Portfolio

SELECT * FROM sections

🎓 University
📈 Data World
⚽ Football Analytics

University

Master’s Degree in Data Science | University of Milano-Bicocca | GitHub

Collection of projects realized for the university courses of the MS at UniMiB (2021-2024).

Master’s Thesis

Exposing Bias in Vision-Language Models

Multimodal models have brought about significant and rapid technological innovations in recent years. Among these, vision and language models excel at processing, comprehending, and manipulating data and information from two modalities: text and image, representing textual and visual components, respectively. However, the possible presence of bias represents a significant concern that can overshadow their impressive capabilities. Starting with the construction of a novel and morphed dataset derived from UTKFace, this paper utilizes three pre-trained models - ALBEF, BLIP-2, and CLIP - to investigate gender and racial biases in VL models. The experiments span from zero-shot retrieval to zero-shot classification tasks, aiming to identify and measure bias across specific demographic groups. The findings contribute to advancing fair artificial intelligence by emphasizing the importance of addressing biases, particularly within these increasingly adopted models.

Slideshow

Smart Working - Social Network and Content Analysis | Social Media Analytics, UniMiB (2023).

This project focuses on the analysis of the Twitter community and sentiment regarding the enunciated topic. Through the API, 2667 tweets related to the selected keywords were collected from December 26, 2022 to January 5, 2023. After an initial preprocessing phase based on text mining techniques, a Social Network Analysis (Nodes Degree, Assortativity, Community Detection) and a Social Content Analysis (Sentiment Analysis, Emotion Recognition) were performed.

Financial Market Analytics

Portfolio Analysis | Financial Market Analytics, UniMiB (2022).

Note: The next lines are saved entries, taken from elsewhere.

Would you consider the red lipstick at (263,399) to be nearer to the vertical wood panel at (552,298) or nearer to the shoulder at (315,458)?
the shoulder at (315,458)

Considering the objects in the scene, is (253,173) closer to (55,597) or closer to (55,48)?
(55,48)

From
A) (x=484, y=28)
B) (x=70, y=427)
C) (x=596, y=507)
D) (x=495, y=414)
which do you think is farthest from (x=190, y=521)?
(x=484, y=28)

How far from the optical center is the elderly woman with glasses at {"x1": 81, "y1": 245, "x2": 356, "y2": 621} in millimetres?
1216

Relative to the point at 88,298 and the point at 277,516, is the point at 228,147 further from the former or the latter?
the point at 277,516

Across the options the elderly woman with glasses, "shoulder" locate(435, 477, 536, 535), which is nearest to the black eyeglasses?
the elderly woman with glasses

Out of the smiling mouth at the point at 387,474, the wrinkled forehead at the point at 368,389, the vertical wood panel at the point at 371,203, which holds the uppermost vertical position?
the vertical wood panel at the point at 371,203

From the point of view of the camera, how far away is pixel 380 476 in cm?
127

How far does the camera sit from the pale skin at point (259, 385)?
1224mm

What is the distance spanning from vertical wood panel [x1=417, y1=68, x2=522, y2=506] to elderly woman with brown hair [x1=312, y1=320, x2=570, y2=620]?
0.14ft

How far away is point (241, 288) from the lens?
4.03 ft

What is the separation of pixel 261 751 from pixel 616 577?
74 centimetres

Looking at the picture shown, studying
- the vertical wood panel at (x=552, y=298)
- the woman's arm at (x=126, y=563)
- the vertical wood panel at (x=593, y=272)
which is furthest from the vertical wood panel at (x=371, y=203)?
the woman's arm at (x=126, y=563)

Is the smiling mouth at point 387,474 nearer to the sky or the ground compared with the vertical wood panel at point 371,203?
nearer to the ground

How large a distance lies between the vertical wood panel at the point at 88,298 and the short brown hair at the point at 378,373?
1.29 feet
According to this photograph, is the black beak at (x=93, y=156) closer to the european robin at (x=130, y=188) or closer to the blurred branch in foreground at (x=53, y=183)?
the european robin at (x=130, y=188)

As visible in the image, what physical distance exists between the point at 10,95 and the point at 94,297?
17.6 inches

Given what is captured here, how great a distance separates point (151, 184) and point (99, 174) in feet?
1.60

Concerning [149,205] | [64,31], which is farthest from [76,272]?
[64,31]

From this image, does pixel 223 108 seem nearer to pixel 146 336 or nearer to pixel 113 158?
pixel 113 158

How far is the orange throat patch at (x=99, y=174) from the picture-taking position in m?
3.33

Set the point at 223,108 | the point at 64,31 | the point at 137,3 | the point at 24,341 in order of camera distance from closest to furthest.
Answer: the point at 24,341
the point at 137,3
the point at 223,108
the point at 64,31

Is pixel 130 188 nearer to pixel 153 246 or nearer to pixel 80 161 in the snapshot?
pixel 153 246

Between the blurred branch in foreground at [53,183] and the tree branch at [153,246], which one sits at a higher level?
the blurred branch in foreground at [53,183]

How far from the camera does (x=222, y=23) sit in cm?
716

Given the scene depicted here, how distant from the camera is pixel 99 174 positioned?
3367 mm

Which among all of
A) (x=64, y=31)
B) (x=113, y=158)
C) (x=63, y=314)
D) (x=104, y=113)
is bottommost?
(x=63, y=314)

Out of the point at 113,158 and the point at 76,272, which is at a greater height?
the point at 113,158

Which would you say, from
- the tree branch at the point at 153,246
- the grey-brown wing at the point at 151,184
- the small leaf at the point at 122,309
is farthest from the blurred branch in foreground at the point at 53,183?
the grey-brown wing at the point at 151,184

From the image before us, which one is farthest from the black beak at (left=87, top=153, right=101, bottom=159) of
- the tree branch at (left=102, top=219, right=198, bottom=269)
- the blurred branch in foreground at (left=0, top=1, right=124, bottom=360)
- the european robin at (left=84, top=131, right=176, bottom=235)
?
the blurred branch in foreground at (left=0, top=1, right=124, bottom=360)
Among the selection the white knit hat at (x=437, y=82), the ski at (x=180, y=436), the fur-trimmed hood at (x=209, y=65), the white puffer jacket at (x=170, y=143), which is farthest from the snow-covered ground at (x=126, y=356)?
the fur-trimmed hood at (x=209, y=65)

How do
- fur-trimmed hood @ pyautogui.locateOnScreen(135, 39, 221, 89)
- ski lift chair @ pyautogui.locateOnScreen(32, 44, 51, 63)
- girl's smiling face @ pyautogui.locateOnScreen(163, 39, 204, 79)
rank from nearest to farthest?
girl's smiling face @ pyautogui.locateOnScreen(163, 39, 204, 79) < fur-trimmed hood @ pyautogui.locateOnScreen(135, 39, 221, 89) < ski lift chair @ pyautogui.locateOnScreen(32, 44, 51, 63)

In this group work, we want to better understand the structural characteristics that risk brings to real investment portfolios. In order to understand this empirically, we need to build real portfolios that are concentrated/tilted with respect to a specific level and kind of risk.
The results showed that the portfolios created over-performed compared to the index during the period under consideration. However, the same results also showed higher volatility than that of the index.

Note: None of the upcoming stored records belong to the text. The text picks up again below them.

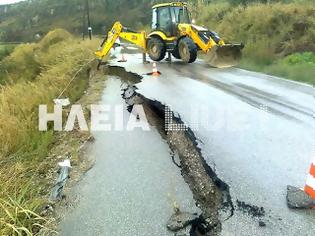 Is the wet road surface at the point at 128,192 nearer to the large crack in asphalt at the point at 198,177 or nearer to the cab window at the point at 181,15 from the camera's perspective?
the large crack in asphalt at the point at 198,177

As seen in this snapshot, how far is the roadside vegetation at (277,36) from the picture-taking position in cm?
1288

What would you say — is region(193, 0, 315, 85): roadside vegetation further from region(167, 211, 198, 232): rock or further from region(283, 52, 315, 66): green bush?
region(167, 211, 198, 232): rock

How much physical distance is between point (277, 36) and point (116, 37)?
254 inches

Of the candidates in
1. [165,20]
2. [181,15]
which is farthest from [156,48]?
[181,15]

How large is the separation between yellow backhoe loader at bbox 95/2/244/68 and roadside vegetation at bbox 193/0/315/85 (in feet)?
3.57

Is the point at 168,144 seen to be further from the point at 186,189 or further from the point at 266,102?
the point at 266,102

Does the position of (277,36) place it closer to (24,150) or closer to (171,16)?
(171,16)

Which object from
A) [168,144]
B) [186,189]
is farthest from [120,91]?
[186,189]

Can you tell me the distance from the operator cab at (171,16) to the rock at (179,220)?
11590 millimetres

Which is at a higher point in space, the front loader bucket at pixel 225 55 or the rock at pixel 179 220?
the front loader bucket at pixel 225 55

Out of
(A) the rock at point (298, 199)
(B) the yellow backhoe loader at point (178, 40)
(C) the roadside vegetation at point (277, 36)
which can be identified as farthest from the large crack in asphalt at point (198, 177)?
(B) the yellow backhoe loader at point (178, 40)

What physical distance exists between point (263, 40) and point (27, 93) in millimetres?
9931

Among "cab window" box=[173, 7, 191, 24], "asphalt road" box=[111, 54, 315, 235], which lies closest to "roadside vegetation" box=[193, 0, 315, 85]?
"asphalt road" box=[111, 54, 315, 235]

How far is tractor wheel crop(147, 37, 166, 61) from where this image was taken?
15.3 metres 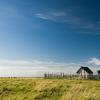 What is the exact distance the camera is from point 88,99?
55.1ft

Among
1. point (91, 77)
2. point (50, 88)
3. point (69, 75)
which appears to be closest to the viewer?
point (50, 88)

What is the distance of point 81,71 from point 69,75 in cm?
868

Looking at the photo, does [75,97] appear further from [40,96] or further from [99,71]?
[99,71]

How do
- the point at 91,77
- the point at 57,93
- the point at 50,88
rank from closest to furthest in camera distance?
the point at 57,93 < the point at 50,88 < the point at 91,77

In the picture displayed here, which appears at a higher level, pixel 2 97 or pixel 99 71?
pixel 99 71

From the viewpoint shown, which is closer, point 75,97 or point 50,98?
point 75,97

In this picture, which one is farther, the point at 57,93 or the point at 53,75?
the point at 53,75

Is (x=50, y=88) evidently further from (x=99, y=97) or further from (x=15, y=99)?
(x=99, y=97)

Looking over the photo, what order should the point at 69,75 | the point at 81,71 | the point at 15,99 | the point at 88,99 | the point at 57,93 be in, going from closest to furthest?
the point at 88,99 → the point at 15,99 → the point at 57,93 → the point at 69,75 → the point at 81,71

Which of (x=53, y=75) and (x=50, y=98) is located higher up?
(x=53, y=75)

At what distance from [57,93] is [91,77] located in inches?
1987

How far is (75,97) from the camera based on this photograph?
56.4 feet

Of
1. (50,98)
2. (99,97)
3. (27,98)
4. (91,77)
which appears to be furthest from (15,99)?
(91,77)

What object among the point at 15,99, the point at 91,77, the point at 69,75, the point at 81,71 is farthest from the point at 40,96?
the point at 81,71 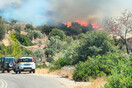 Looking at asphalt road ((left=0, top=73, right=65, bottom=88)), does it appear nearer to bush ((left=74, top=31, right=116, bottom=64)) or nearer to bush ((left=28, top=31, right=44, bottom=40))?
bush ((left=74, top=31, right=116, bottom=64))

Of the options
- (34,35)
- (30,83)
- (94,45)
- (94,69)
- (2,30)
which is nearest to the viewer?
(30,83)

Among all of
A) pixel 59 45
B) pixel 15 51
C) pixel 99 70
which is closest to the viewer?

Financial Market Analytics - UniMiB

Machine Learning

Climate Change - Temperature Prediction | Machine Learning and Decision Models, UniMiB (2022).

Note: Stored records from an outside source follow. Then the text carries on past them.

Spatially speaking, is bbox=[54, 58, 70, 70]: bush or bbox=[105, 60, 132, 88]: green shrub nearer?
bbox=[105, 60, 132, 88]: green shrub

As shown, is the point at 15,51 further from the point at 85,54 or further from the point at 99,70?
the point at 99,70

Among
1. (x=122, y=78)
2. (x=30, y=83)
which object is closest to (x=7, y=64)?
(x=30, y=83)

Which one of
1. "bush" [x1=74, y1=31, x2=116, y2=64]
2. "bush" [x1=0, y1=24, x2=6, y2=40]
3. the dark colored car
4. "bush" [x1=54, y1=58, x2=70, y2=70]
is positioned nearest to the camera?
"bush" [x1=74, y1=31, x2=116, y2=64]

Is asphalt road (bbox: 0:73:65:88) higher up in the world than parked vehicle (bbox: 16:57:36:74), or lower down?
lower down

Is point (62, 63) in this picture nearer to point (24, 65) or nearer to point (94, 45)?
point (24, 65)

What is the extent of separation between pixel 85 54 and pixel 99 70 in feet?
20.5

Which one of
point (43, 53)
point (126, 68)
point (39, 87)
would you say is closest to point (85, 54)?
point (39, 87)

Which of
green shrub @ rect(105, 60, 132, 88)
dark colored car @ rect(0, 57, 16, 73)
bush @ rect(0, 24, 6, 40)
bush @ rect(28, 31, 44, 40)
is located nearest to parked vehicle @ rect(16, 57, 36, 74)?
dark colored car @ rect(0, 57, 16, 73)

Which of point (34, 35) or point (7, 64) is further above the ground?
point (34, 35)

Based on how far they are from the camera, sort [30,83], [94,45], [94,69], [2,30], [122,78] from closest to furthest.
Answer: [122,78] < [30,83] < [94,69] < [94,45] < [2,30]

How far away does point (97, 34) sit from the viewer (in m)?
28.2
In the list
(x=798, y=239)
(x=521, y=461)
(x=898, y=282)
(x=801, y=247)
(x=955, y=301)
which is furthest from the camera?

The project, conducted using the Knime platform, consists in the analysis of various regression models applied to a dataset containing environmental information referred to the global temperature from January 1750 to November 2015. The purpose is to develop and subsequently analyze various regression models with the aim of predicting the average global temperature of the next month, based on the data collected during the previous month.

Data Management

Marvel Graph Database | Data Management, UniMiB (2022).

The project realized aims to create a graph-database containing the relationships between the various Marvel products. For the realization of this project we have chosen a non-relational graph-database, built through the use of Neo4j. We have realized this project starting from two data sources, API and web scraping, that we have then integrated and on which we have then performed a quality check.
The final database is complete of the various relationships between characters, movies and comics of the Marvel world, moreover each node contains several information about its nature.

Data Management - UniMiB

Data Visualization

Film - Rating and Duration Time | Data Visualization, UniMiB (2022).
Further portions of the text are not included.